If your igniton light dimmed when you pulled the starter then the switch is closing, you have either a bad armature or a blocked pinion. If you have a crank handle try starting the engine with that.

J Scragg

All of the above are very good suggestions, ,(as usual on this forum), and would be a cause for the light going "dim" and not starting, but could you give us an idea what condition the TD is in? ie Fresh restoration? old restoration? Was it running reciently? Barn find?? This might help in determining what the problem might be. Having to exert a lot of "pull" on the starter knob could also indicate a problem with the cable itself. It could need some lubrication. Fixing this might make the rest of the troubleshooting process a bit easier. You could also bypass this cable problem by using a remote push button starter switch available from your local car parts store.

Steve Wincze

I'm with Steve here...let's backup a bit and answer some of his questions. Main one being: "Was it running recently?"
Depending on that answer....
IMHO : I think I would first try the hand crank to see if the engine turns freely.
If you have heard the car run recently no need for this ...but if you haven't ...pull the plugs and put a little Marvell Mystery Oil down the holes. Then turn slowly over the next couple of days.
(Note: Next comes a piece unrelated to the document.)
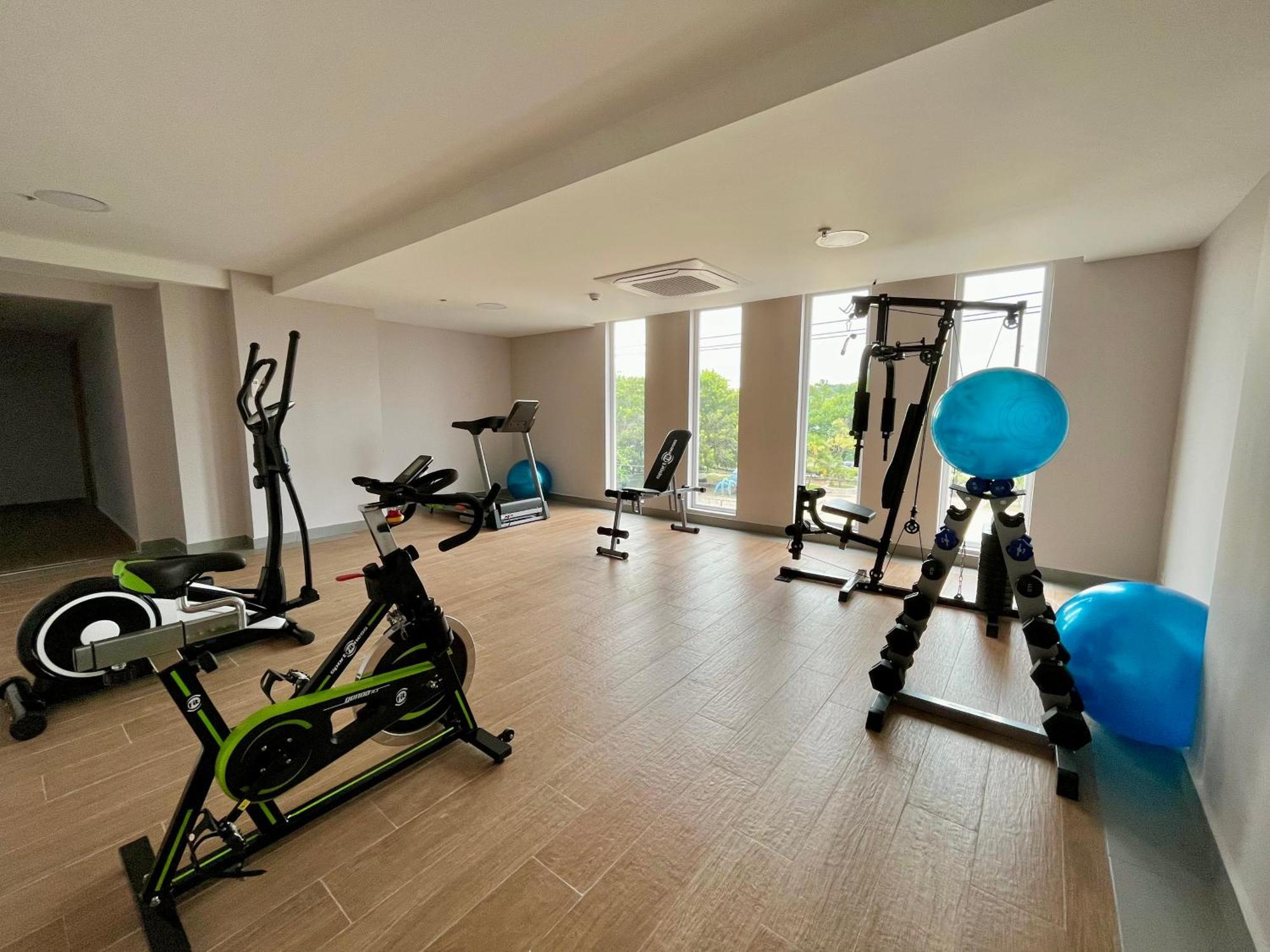 Wyndham Garden Cartagena Ξενοδοχείο Εξωτερικό φωτογραφία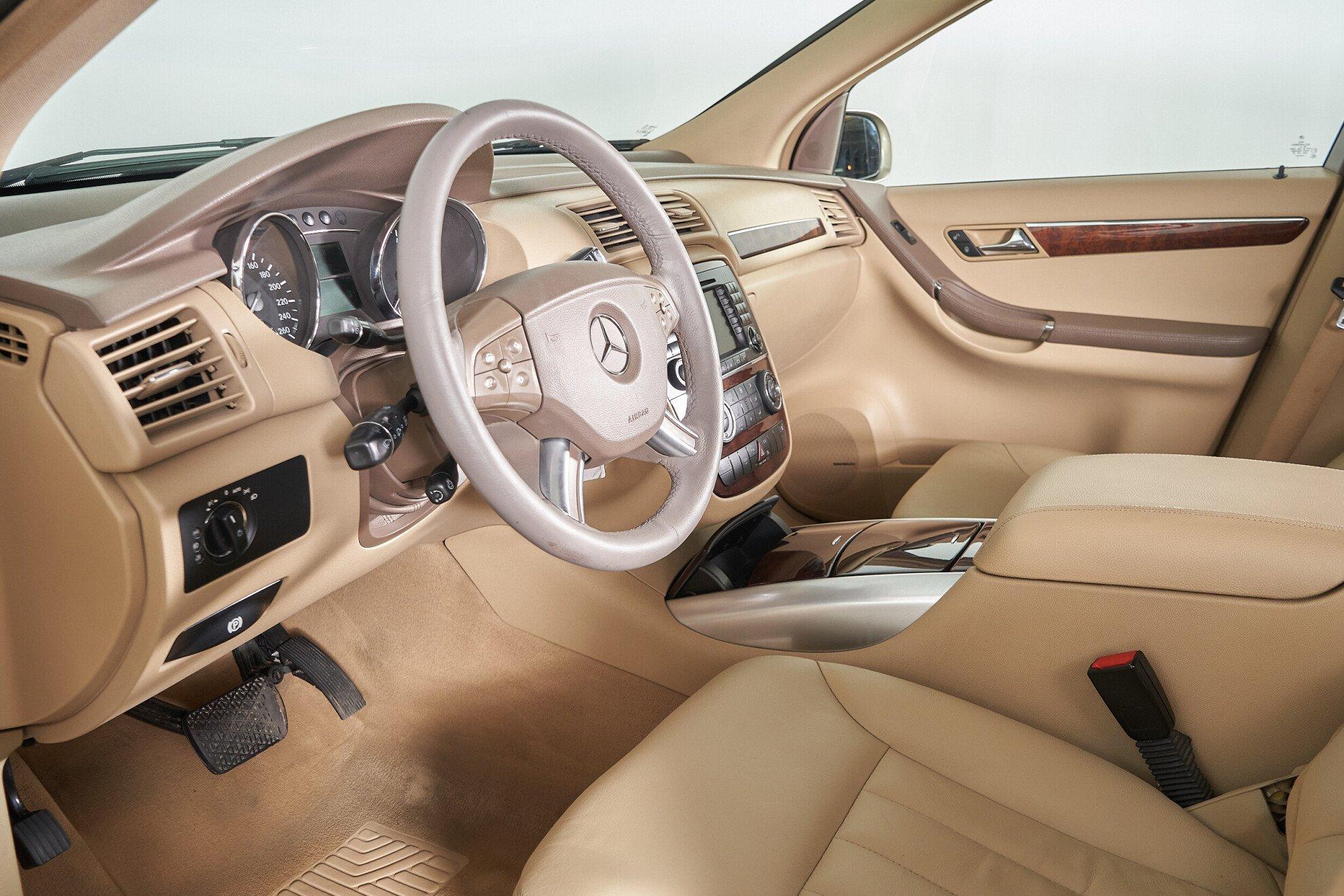 Mercedes-Benz R-Класс 2008, бежевый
If the car has not been run for a while that cheap insurance to make sure you don't snap the rings.
Fresh gas & oil not a bad idea either, (run the old oil through a strainer and see what you have in there! large chunks are not good)
If the car has been running shortly before you got it (and you know that for a fact) is really easy to push the starter switch by hand and simply test with a meter,(disconnect the bat first and watch out what you touch with a wrench...that little switch can work as a nice little "welder" if you touch the wrong spot.
The good news: You found this site!
Give us a little more info on your new babies history and there are folks here that will get you up and running "safety fast"!!
Don't get in a hurry ...that will end up taking a toll on the checkbook in the long run. (Trust me!)
Cheers & Welcome to our little family,
David 55 TF1500 #7427
David Sheward

Steve W. -- Those pushbutton starter switches are made to accuate a relay that turns the starter on! There is no way they can handle the 300 Amps the starter draws.

The wire between the starter switch terminals will light up like a light bulb for a second before it melts. A good sturdy screwdriver will work however if you don't mind the burnt spots on it. Your messing with a lot of current here, more than most welders have to supply.

To me the reported dimming of the light says that the starter switch was making contact. But the system has a flaw somewhere so that it cannot supply the current necessary to turn the engine over. That assumes that the engine is free to turn over.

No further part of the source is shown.